To assess the presence of microsatellites loci under selection, we used LOSITAN version 1.0.0 (http://popgen.eu/soft/lositan/) (Antao et al. 2008). This program evaluates the relationship between FST and expected heterozygosity (HE) to identify outlier loci. We ran 75,000 simulations with “neutral mean FST” and “force mean FST,” to increase the reliability of the mean FST and the entire microsatellite dataset under the infinite allele model (IAM). The number of populations was four according to FST values and Cavalli-Sforza genetic distances. We chose the confidence intervals of 99 % to carry out a more conservative test for selection.

To test the possible relationships between environmental variables and genetic diversity, we developed generalized additive models (GAMs) for the first principal component of the CA (which usually explains the higher values of variance).
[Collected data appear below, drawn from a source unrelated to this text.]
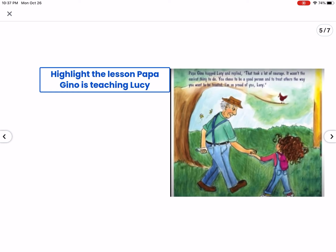One of the questions to ask yourself is how is the character changing from the beginning to the end. In this case, Lucy probably started out to be a pretty courageous person anyway — she realized she was different from others by eating ketchup on her toast, she eats spaghetti and a hot dog bun, and she stands up to a bully. So she didn't really change, but she did help Ralph change, and we see Papagino teaching her a lesson.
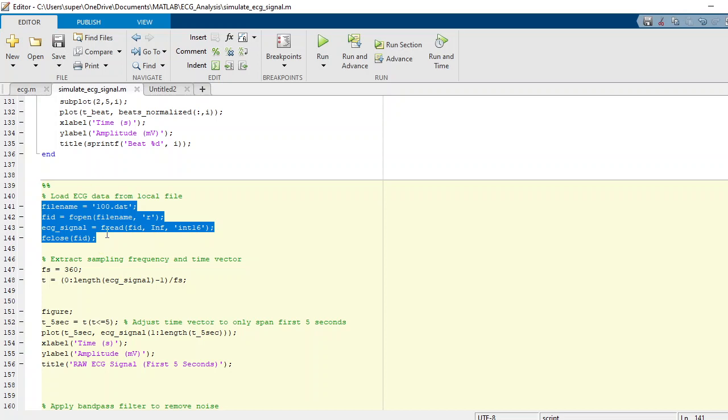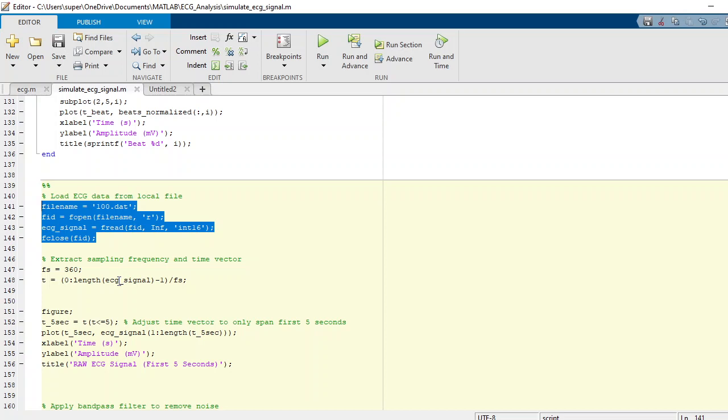The sampling rate is 360, and what I'm doing is making a time vector with zero and the length of the ECG signal minus one, divided by Fs, because you know that time is one over frequency. So our frequency is 360, so time would be the total duration divided by the sampling frequency.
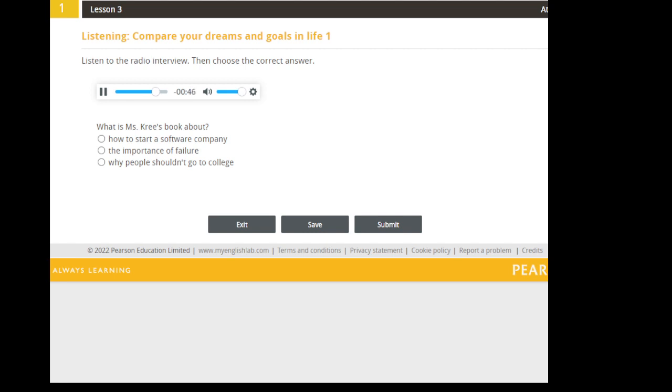Well, explain the importance of tolerance for failure. Seems like you could learn that in college. You could. But ideally, you should learn it much younger. Kids should be taught to be creative, to try new things, and to understand that failure is an important part of the learning process.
The coordinates of each locality derived of the CA were included in GAMs as dependent variables. GAMs are a nonparametric extension of generalized linear models (GLM) that fit a wide variety of forms of stochastic variation in the response. GAMs represent the relationship between the response variable and the predictors by smooth functions, which can take virtually any form (Hastie and Tibshirani 1990). These models have been applied on genetic and environmental data previously (Snäll et al. 2004; Parisod and Bonvin 2008; González-Wangüemert et al. 2009; Vergara-Chen et al. 2010b). The GAMs were evaluated by examining the proportion of explained deviance and minimizing the generalized cross-validation (GCV; Wood 2000; Wood and Augustin 2002) and the Akaike information criterion (AIC; Venables and Ripley 2004) scores. As independent variables, we used maximum, minimum and mean values of temperature and salinity (data from: http://www.noaa.gov; Research Group “Ecología y Ordenación de Ecosistemas Marinos Costeros”). GAMs were performed using “ade4” (Chessel 1992) and “mgcv” (Wood 2006) packages from R statistical software (R Development Core Team 2007).

Results

Genetic diversity

A total of 177 fishes were analyzed from three lagoonal and two marine locations. Mean expected heterozygosities (HE) were high, ranging from 0.669 (Los Urrutias) to 0.748 (Lo Pagán). A similar level of allelic richness was observed across all samples with a mean of 9.025 alleles across all loci (ranging from 8.375 to 10.0 alleles). Regarding to the fixation index (FIS), the Mazarrón sample showed the highest FIS value (0.161) while the lowest value (0.065) was detected in the Veneziola sample (Table 2). Significant deviations from Hardy–Weinberg equilibrium (heterozygote deficit) were detected at all five populations. Four loci, Pmar03 and Pmin38 (3 localities), Pmin04 (4 localities) and Pmin29 (5 localities), deviated significantly from Hardy–Weinberg expectations (“Appendix 1”). Analysis of all samples indicated that some of the heterozygote deficits could be due to the presence of null alleles, but they were not attributable to genotyping errors. The recalculated frequency data using MICROCHECKER software to consider null alleles were not significant different from the detected first values, and therefore, we continued using them to all posterior analyses. Also, inclusion or exclusion of these loci did not quantitatively affect either population comparisons (FST values and genetic distances, data not shown).
Table 2

Estimates of genetic diversity of the five samples of Pomatoschistus marmoratus from the Mar Menor coastal lagoon and adjacent marine sites (SE Spain) based on eight microsatellite markers

Populations

Sample size

Alleles

Exclusive alleles

Allelic richness

HO

HE

FIS

Lo Pagán (lagoon)

38

72

6

9.000

0.661

0.748

0.118***

Playa Honda (lagoon)

34

71

7

8.875

0.601

0.669

0.103***

Los Urrutias (lagoon)

42

71

2

8.875

0.617

0.676

0.088***

Veneziola (marine)

30

67

3

8.375

0.646

0.689

0.065*

Mazarrón (marine)

33

80

9

10.000

0.560

0.713

0.161***

Total

177

72

27

9.025

0.617

0.669

0.107***

HO is the observed heterozygosity, HE the expected heterozygosity and FIS measure deviation from Hardy–Weinberg equilibrium

*** P < 0.001; ** 0.001 < P < 0.01; * P < 0.005

Significant linkage disequilibrium was detected in four loci pairs from some localities (Pmar03/Pmin29 in Lo Pagán, Pmar03/Pmin38 and Pmar05/Pmin38 in Lo Pagán and Mazarrón, Pmar08/Pmin35 in Playa Honda). The IAM model was applied to find possible bottlenecks; however, they were not detected in any populations.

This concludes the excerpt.